Augusto César, servidor de carreira da Controladoria-Geral da União (CGU), foi coordenador-geral da área de Contas do Governo na pasta. Mas, na gestão petista, passou a atuar na área de Transportes, que era comandada pelo PR. Foi por meio do partido que Augusto César chegou ao Dnit. Em 2006, ele foi nomeado ouvidor do departamento e, a partir de 2008, passou a acumular também o cargo de corregedor da instituição, encarregado de investigar e punir responsáveis por desmandos.
Posteriormente, Augusto César passou a ser investigado pelo próprio órgão de origem, a CGU, por suspeita de envolvimento em irregularidades que derrubaram o então ministro dos Transportes, Alfredo Nascimento, e outros seis membros da cúpula da pasta ligados ao PR, ainda em 2011.

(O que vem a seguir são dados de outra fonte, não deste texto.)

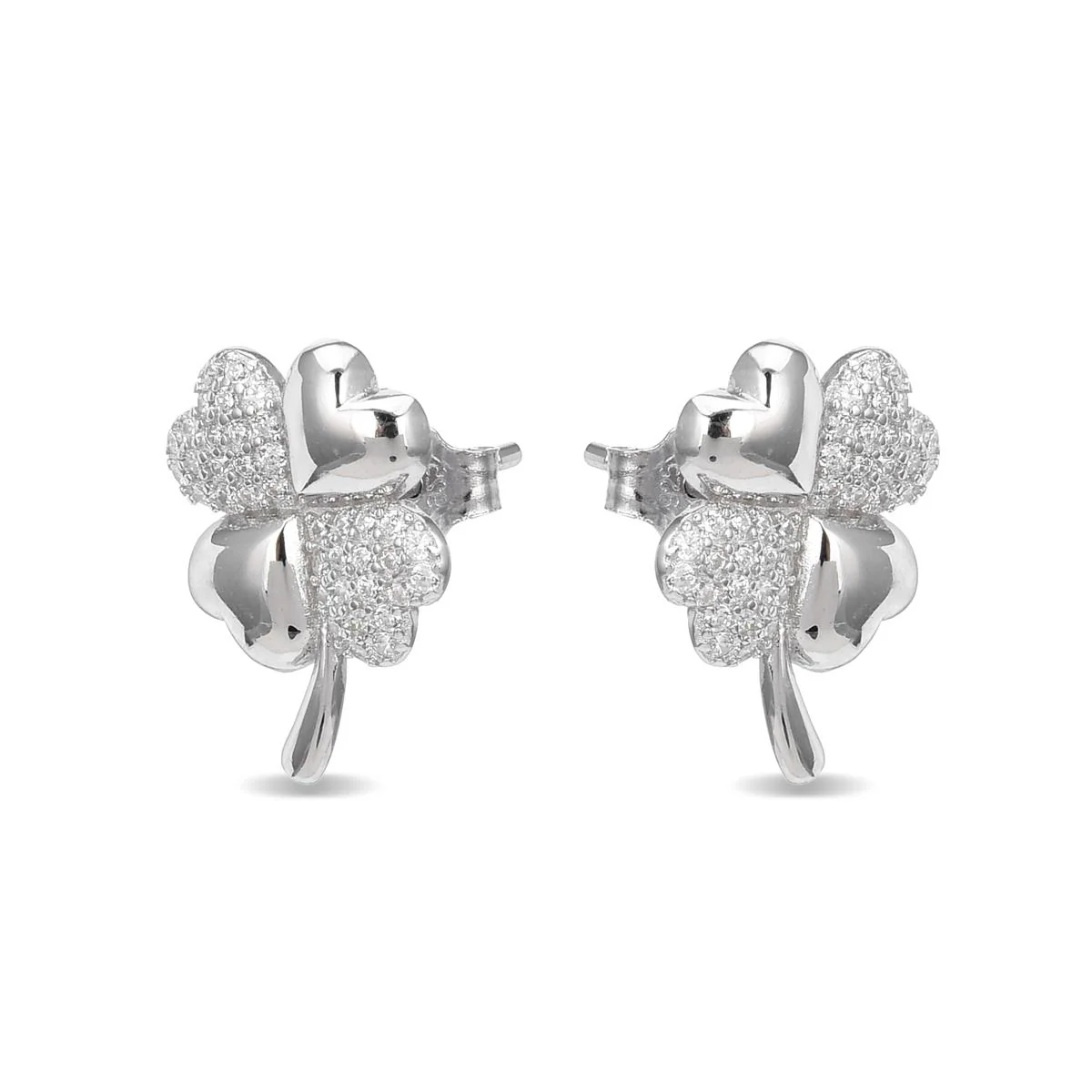 Pendientes Trébol Plata De Ley 925 - Trébol BLANCO - Image 2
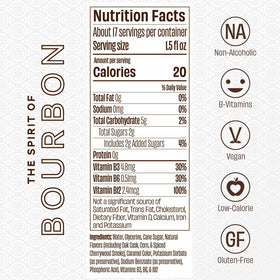 Free Spirits bourbon glass close-up highlights compatibility with quick low-calorie mixes.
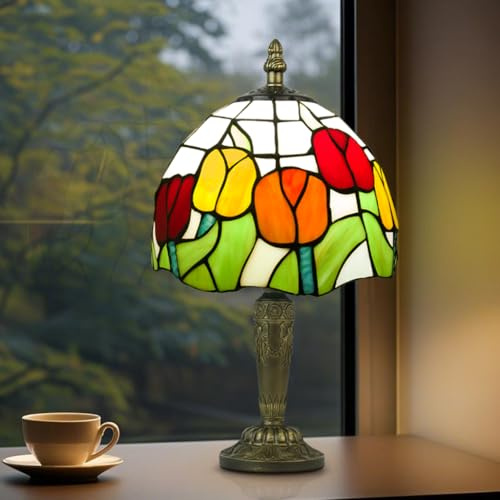 Crefotu 8 Inch Small Tiffany Style Table Lamp, Tulip Stained Glass Lamp | 3 Color Temperatures, Vintage Mini Tiffany Lamp for Office Bedroom Living Room Reading Home, Included Dimmable LED Bulb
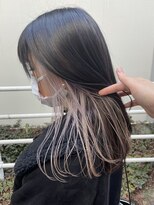 ファンド 千葉(fand) ミディアムヘアグレージュカラーハイライトカラー白髪ぼかし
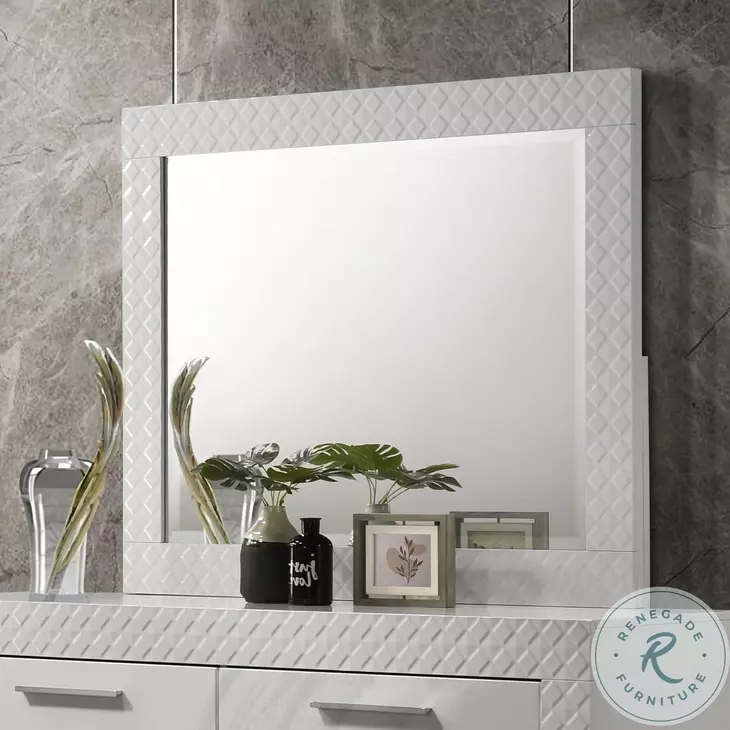 Ives White High Gloss Dresser Mirror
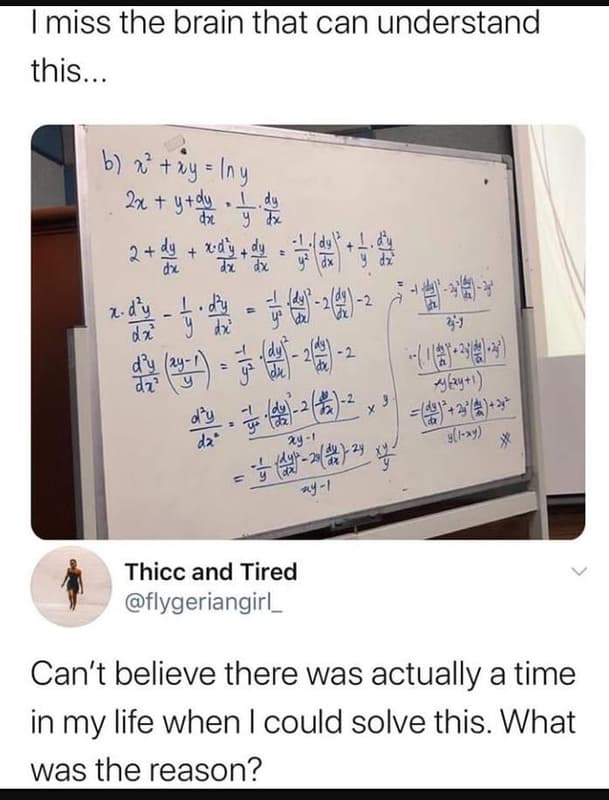 Miss the brain that can understand this. 6 2' iy iny 2a 99u dx 5 24 444 '485 1 4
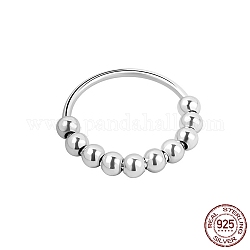 Rhodium Plated 925 Sterling Silver Finger Rings, Rotating Beaded Ring for Calming Worry, Platinum, US Size 7(17.3mm)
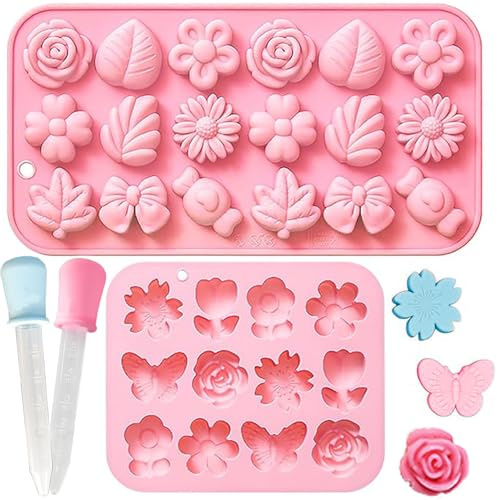 XFSRG 3D Mini Roses Moule Resine avec 2 Compte-Gouttes pour Décorer des Gâteaux et Pâtisserie Parfait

Ao ser indicado para assumir a Diretoria de Administração e Finanças do Dnit naquele mesmo ano, foi “desconvidado” por Dilma devido ao histórico suspeito.
Mesmo após o episódio, Augusto César conseguiu um cargo no setor comandado pelo PR. Em junho de 2015, ele foi nomeado assessor especial de controle interno no Ministério dos Transportes, Portos e Aviação Civil, onde está até hoje.
Por meio da assessoria de imprensa, a EPL negou irregularidades e informou que os critérios de escolha de Alessandra foram técnicos, e não políticos. “Alessandra Campos Carvalho de Souza é uma profissional qualificada, com ampla experiência na administração pública”, disse, por meio de nota.
Entretanto, o advogado Antônio Rodrigo Machado, da Comissão de Legislação Anticorrupção da OAB-DF, contesta a informação.
Há uma presunção de imoralidade na contratação de parentes para cargos de confiança dentro de órgãos ou esferas públicas vinculadas. Há um impedimento, ainda que eles tenham qualificação técnica".
Antônio Rodrigo Machado, da Comissão de Legislação Anticorrupção da OAB-DF
A reportagem não conseguiu contato com Andrea Vieira Andreis, Hideraldo Carón, Augusto César Carvalho Barbosa de Souza e Alessandra Campos Carvalho de Souza para comentar o caso.